Lors des débats en commissions, des commissaires ont, selon le rapport, insisté sur le budget de la présidence de la République, notamment les rubriques de dépenses de personnel ainsi que l’augmentation de la dotation de l’Assemblée nationale de l’ordre de 2 milliards de francs Cfa. Selon eux, ces constatations vont à l’encontre de l’ambition de rationalisation des dépenses largement affichée.
Par ailleurs, jugeant trop important le montant des réserves de précaution, certains commissaires ont souhaité être édifiés sur les raisons sous-jacentes à cette décision. A ce propos, ils ont souligné le fait que le Fonds intergénérationnel soit logé dans le budget de la présidence de la République alors qu’aux termes de l’article 8 alinéa 3 de la loi n° 2022-09 du 19 avril 2022 relative à la répartition et à l’encadrement de la gestion des recettes issues de l’exploitation des hydrocarbures, la gestion de ce fonds incombe plutôt au Fonds souverain d’investissements stratégiques (Fonsis). Ainsi, les ministres ont été interpellés sur les raisons qui sous-tendent une telle décision.
A ce propos, le ministre des Finances et du budget a-t-il précisé que «celui-ci n’est pas géré par la présidence de la République, mais par le Fonsis qui a comme ancrage le Mfb»

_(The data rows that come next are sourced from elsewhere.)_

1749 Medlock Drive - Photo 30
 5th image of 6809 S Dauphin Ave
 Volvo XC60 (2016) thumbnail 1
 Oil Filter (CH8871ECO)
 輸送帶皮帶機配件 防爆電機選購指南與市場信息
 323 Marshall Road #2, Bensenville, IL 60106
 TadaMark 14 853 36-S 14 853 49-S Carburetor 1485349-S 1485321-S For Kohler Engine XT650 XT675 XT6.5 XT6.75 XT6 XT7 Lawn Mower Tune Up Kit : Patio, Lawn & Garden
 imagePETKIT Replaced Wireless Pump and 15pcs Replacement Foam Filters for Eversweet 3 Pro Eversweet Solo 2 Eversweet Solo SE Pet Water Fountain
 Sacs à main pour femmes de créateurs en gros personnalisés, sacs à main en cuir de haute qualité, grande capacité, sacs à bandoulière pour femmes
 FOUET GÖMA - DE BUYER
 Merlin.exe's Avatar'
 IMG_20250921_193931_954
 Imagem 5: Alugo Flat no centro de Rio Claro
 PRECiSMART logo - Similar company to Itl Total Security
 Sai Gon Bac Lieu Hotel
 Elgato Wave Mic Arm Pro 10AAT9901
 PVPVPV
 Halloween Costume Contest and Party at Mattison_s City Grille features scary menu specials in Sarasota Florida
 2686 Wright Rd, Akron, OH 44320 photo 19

Au titre des perspectives pour 2025, mentionne le document, «l’économie nationale devrait bénéficier d’une conjoncture internationale plus favorable, caractérisée par la détente anticipée des cours des produits de base, notamment le pétrole dont les cours mondiaux pourraient baisser de 10, 4%, entraînant un prix de 72, 8 dollars le baril».